CPT codes 11100 and 11311

If a provider performs a shave biopsy on 1 lesion wouldn't he just bill 11311 (based on size of lesion of course). Provider is wanting to bill 11100 & 11311. I think it should only be 11311 since the specimen is sent out to pathology. Am I overthinking this? Any help is greatly appreciated!


Thank you,
Angela

Comments

  • edited May 2017
    Yes, bill only for the shave removal; code by method the sample was obtained.

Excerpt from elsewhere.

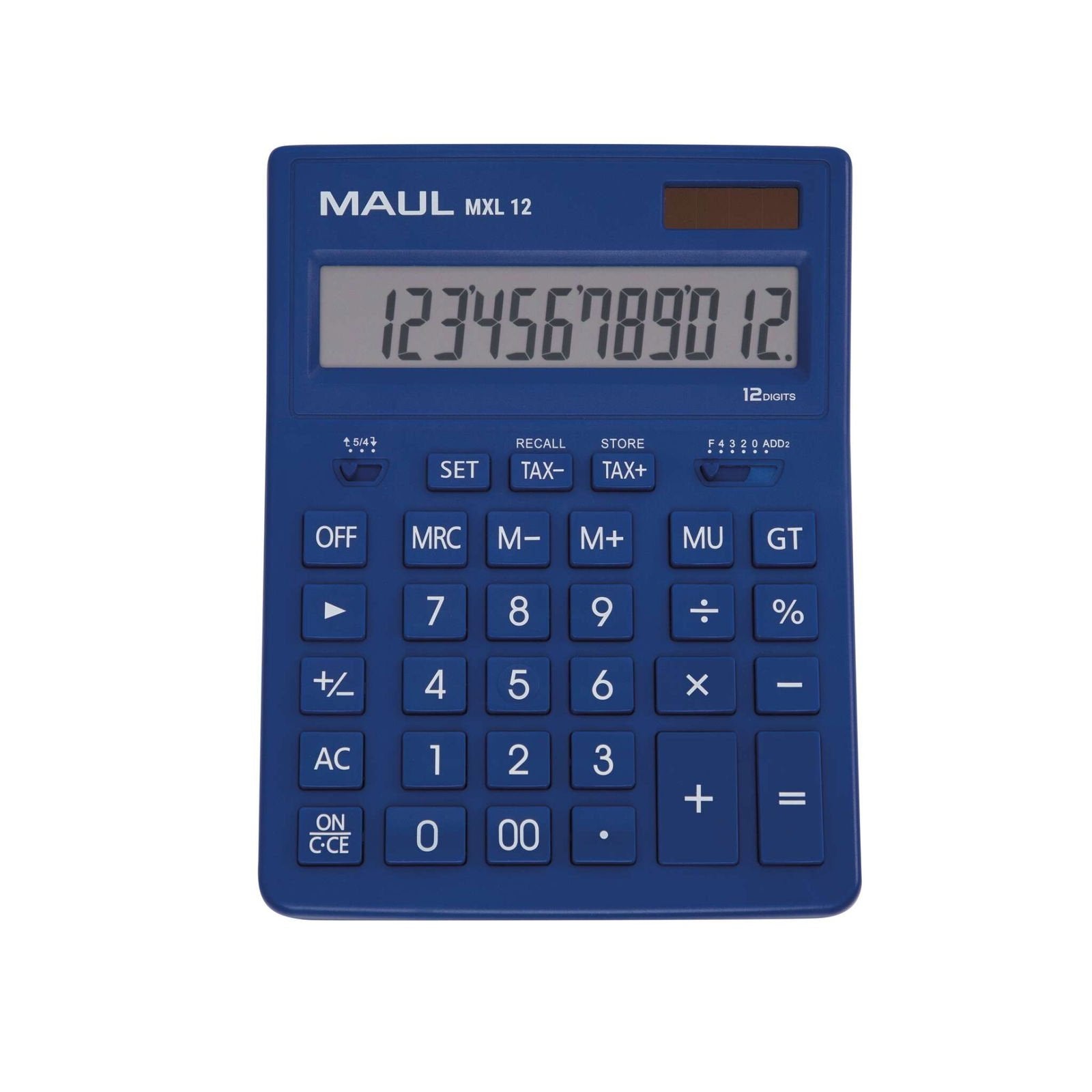 Maul Calculadora Bolsillo Mxl 12 Pantalla Grande De 12 Dígitos Calculadora Grande Con Funciones Comerciales Calculadora Con Batería Y Energía Solar 20,5 X 15,5 X 3,5 Cm Azul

    Jen Vasquez, CPC, CEMC

  • Thank you Jen! That is what I thought too. I appreciate your help!

    Angela
  • edited May 2017
    You can bill either one but not both. If the intent was to biopsy a suspicious lesion by shaving then I would bill the biopsy code.

  • Agree with Jan that can bill either code but not both. But...I don't agree the 11100 should be billed because the "intent" was to biopsy. If that was the case then there'd be no reason to ever have shave removals and they should be revised to read shave destructions. Shaving allows more, if not the entirety, of the lesion and allows coding for size and site specific. It's much harder to shave a lesion from somewhere on the face than it is from other areas of the body.

    Here's a link to a really good article on shave removal versus biopsy: http://www.the-dermatologist.com/article/8857

    Hope that helps!

    Kris

    Kris Cuddy, CPC, CIMC
    Healthcare Compliance Analyst
    Compliance Office
    Michigan State University HealthTeam
    East Lansing, MI
    Ofc: 517-355-4547
    Fax: 517-353-5292


  • Happy Friday!! Thank you, Kris and Jan. Thank you Kris for that article, that does help! You guys are awesome!

    Angela
  • Awesome.. such a gray or fine line topic.. we are always going around about this one! :)

    Karyn Cardenas-Foray, CPC, CPMA, CEMC, CIMC
    AHIMA Approved ICD10 Trainer
    Government Reimbursement Analyst
    Sharp HealthCare-PFS/CCD Spectrum
    (858)499-4382 ph.: (858) 499-4300 fax


  • edited May 2017
    The problem I have with this article is first, it is focused on reimbursement which always makes me nervous and second, the provider does not necessarily know they took the entire lesion. If the pathology comes back as malignant or uncertain then what do they do..... they go back in and take more of the lesion deeper tissue. I read an article many years back from the ADA that stated the coding was based on the intent of the procedure.... diagnostic versus definitive treatment. According to them the provider needs to clearly state the intent in the operative report. Sometimes a lesion is shaved because it is irritated by clothing etc and other times the shave is done to determine the nature of the lesion.